Simplifying biofuel production to reduce costs

Professor of Chemical Engineering at UAE University Sulaiman Al-Zuhair explains how research on simpler and more efficient production of biofuel from microalgae and biomass could unlock this promising resource.

Biofuels represent a promising avenue to address the challenge of converting atmospheric carbon dioxide into a sustainable fuel source, while closing the carbon energy loop. In regions such as the Gulf, which have abundant sunlight but little arable land, algae stands out as a highly productive biomass source for large-scale biofuel production facilities. The extensive date palm plantations in the region also provide a significant source of lignocellulosic biomass waste. Unlocking the potential of both renewable resources, however, will require improvements to the production reliability, consistency  and a simplification of the refining steps to lower production costs.
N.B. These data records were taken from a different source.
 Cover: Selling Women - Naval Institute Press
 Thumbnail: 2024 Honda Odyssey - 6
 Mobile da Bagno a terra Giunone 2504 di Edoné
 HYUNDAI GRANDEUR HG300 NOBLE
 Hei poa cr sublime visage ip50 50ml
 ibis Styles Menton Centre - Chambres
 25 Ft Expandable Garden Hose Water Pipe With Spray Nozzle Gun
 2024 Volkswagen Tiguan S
Sulaiman Al-Zuhair, a Professor of Chemical Engineering at UAE University, has been leading research into better biochemical processes to improve the efficiency of biofuel production from microalgae and lignocellulosic waste. “Microalgae can be cultivated using saline water without the need for arable land or freshwater, making it—along with date palm waste—an ideal biomass resource for our region,” says Al-Zuhair.  
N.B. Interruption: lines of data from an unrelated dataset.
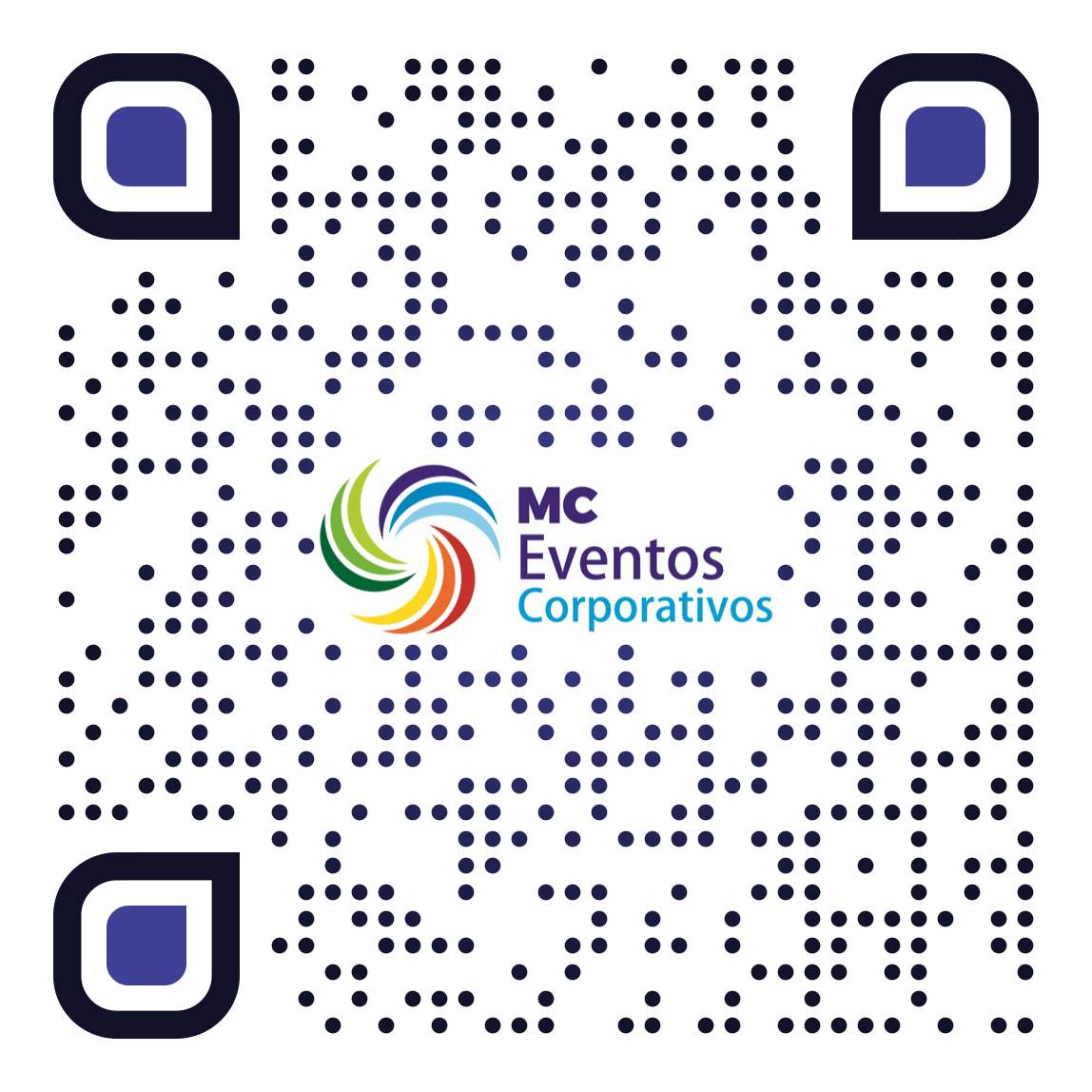 Qr MC Eventos Corporativos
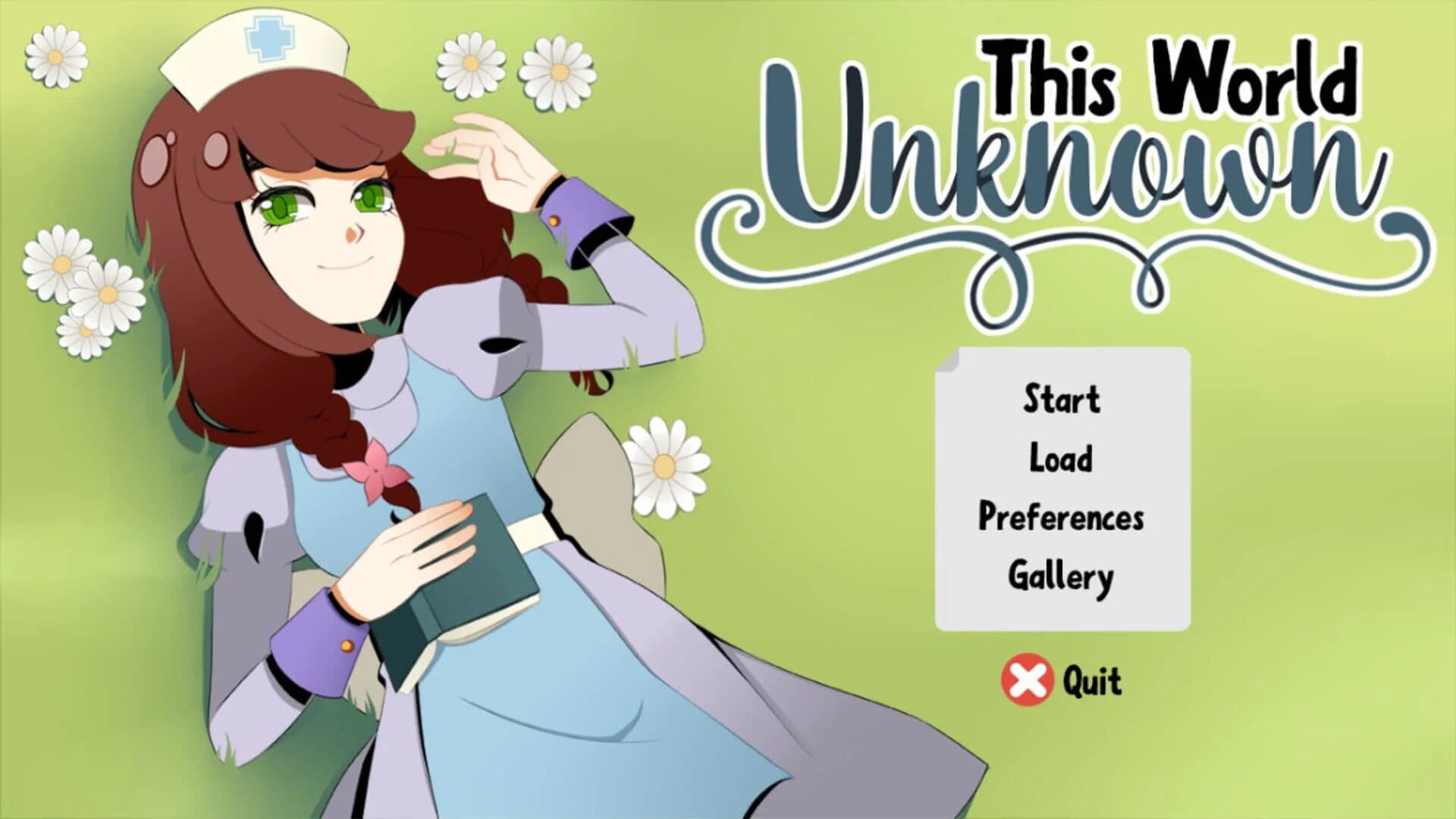 This World Unknown screenshot 1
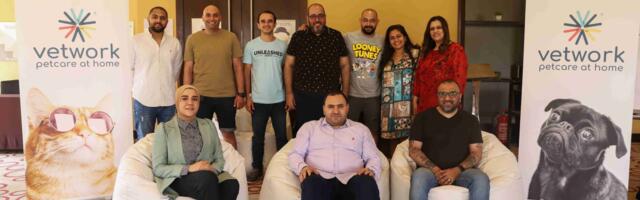 Egyptian petcare-at-home startup Vetwork raises bridge funding round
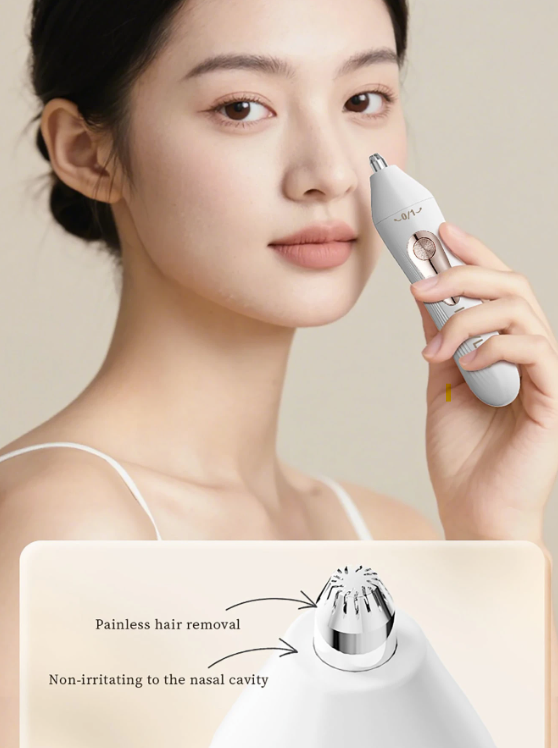 Kolme yhdessä -karvanpoistoaine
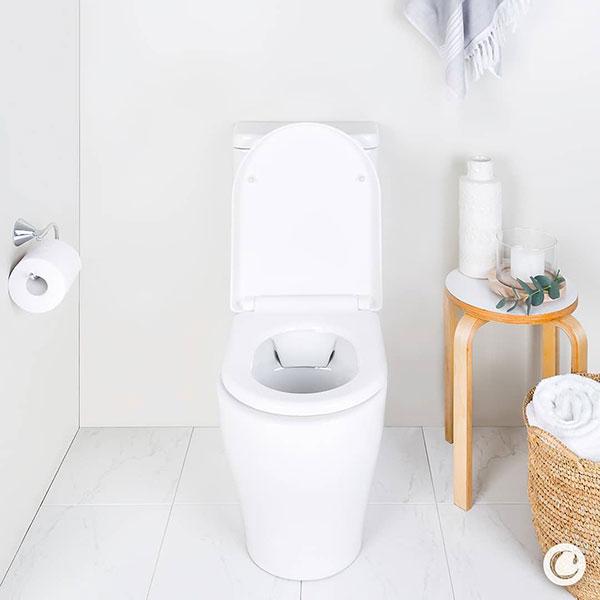 Caroma Luna Cleanflush Toilet Suite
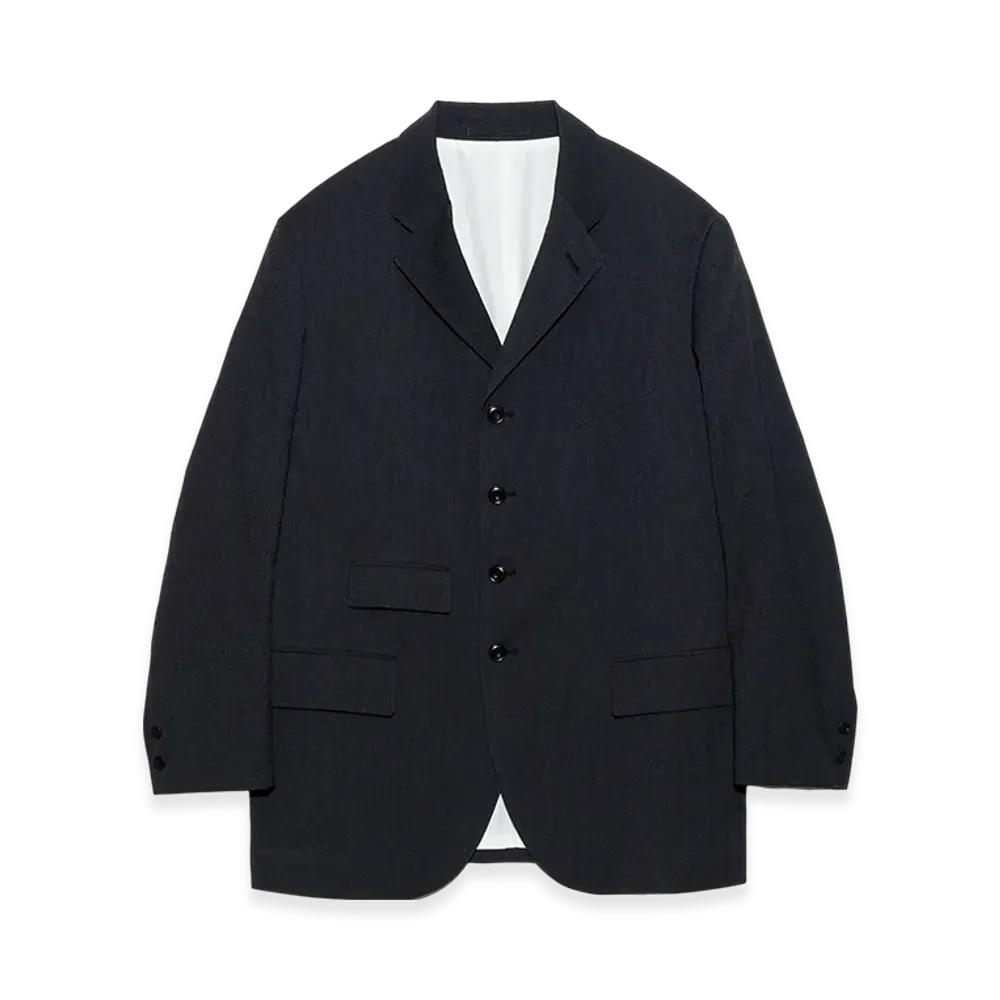 nanamica Sack Coat "Navy"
Despite the UAE’s decade-long history of biodiesel production, it has largely relied on a variable supply of waste vegetable oil feedstock. If microalgae or date palm biomass could be used efficiently for biofuel production, such facilities could be quickly scaled to provide a significant proportion of energy consumption.

In his keynote address at MEChES, Al-Zuhair discussed innovative ways to enhance the stability and reusability of enzymes in microalgae-to-biodiesel and lignocelluloses-to-bioethanol processes.
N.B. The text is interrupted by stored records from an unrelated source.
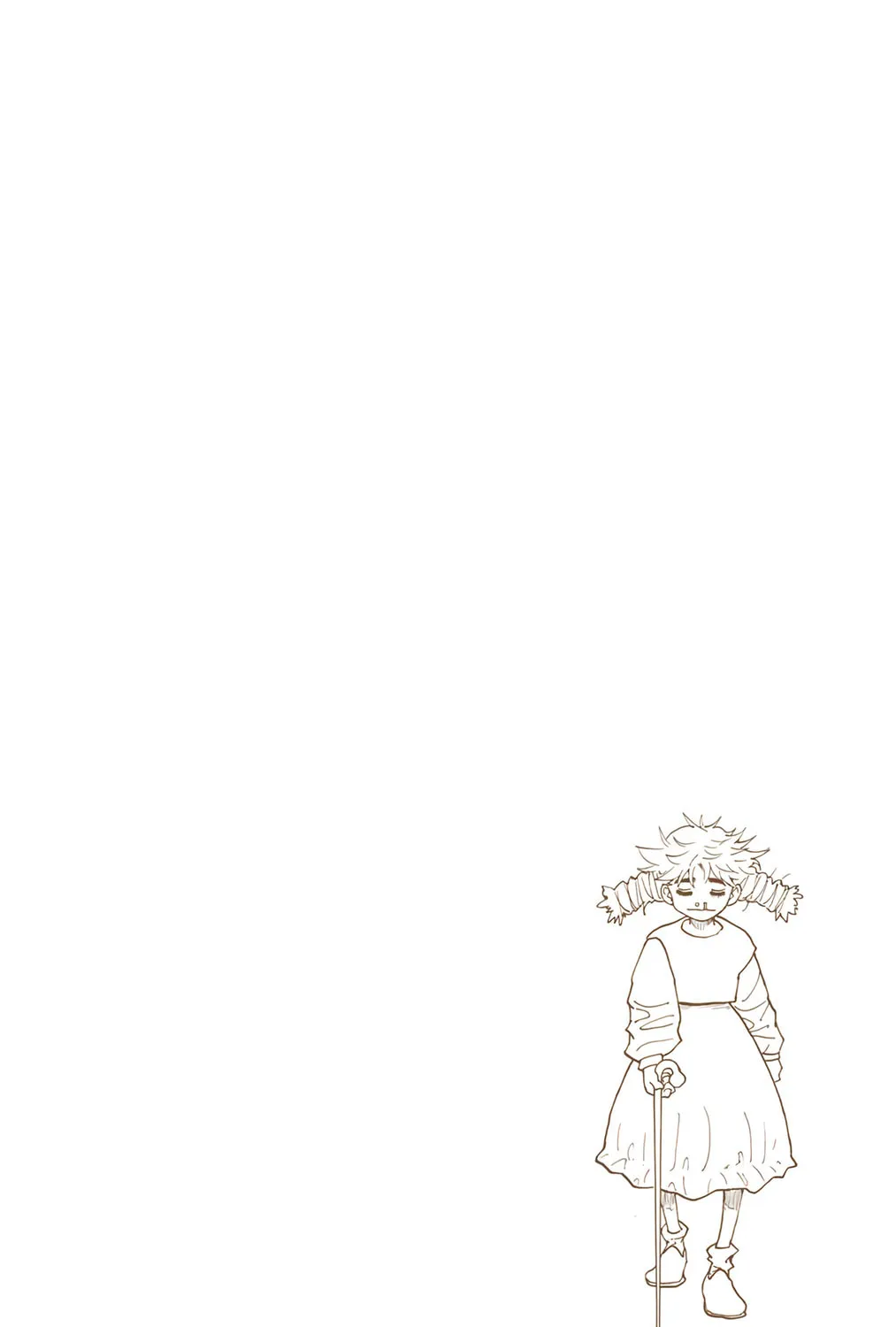 Hunter x Hunter Colored Manga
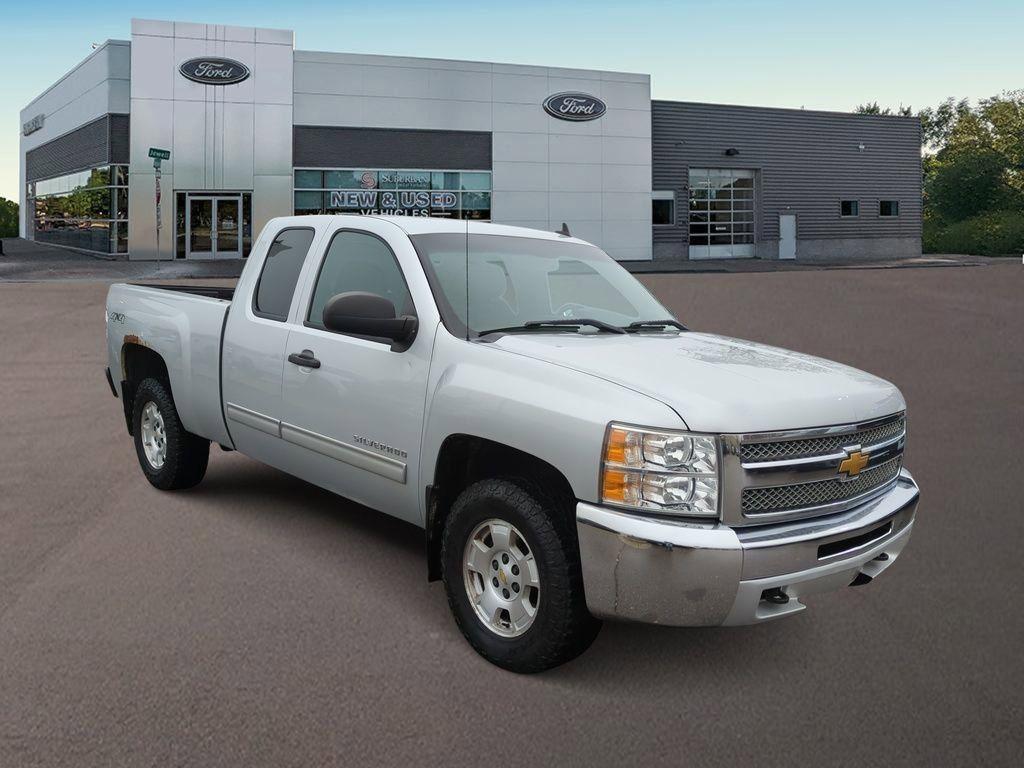 used 2013 Chevrolet Silverado 1500 car, priced at $12,995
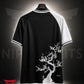 Japan Yin Yang Black White Edition Jersey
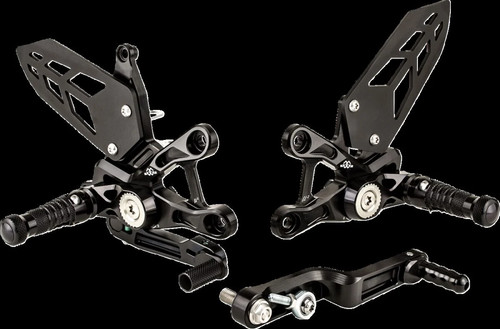 Gilles tooling rearset - gilles, mue2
“In our research, we have shown that thermoresponsive switchable solvents can be used to simultaneously drive cell disruption, the oil extraction reaction and product separation from wet, untreated microalgae biomass in a single reactor,” says Al-Zuhair. “Using a single solvent in this way for oil extraction could greatly simplify biodiesel production from microalgae and avoid the energy-intensive drying and grinding steps of conventional extraction processes.”

Al-Zuhair’s work tackles the cost barrier associated with enzymes needed to convert biomass to biofuels. He has shown that enzymes can be used repeatedly for microalgae conversion in a continuous process by immobilizing the enzymes on soluble materials. Al-Zuhair also highlighted the potential of membrane bioreactors to enhance cellulose hydrolysis in bioethanol production from lignocellulosic biomass.

“MEChES 2023 is the first large gathering of chemical engineers in the UAE, and was a good platform for researchers to present and discuss their latest research findings,” says Al-Zuhair. “It shed light on the advancements in research in the UAE and the Middle East in general and created opportunities for collaboration between universities, research institutions and industry.”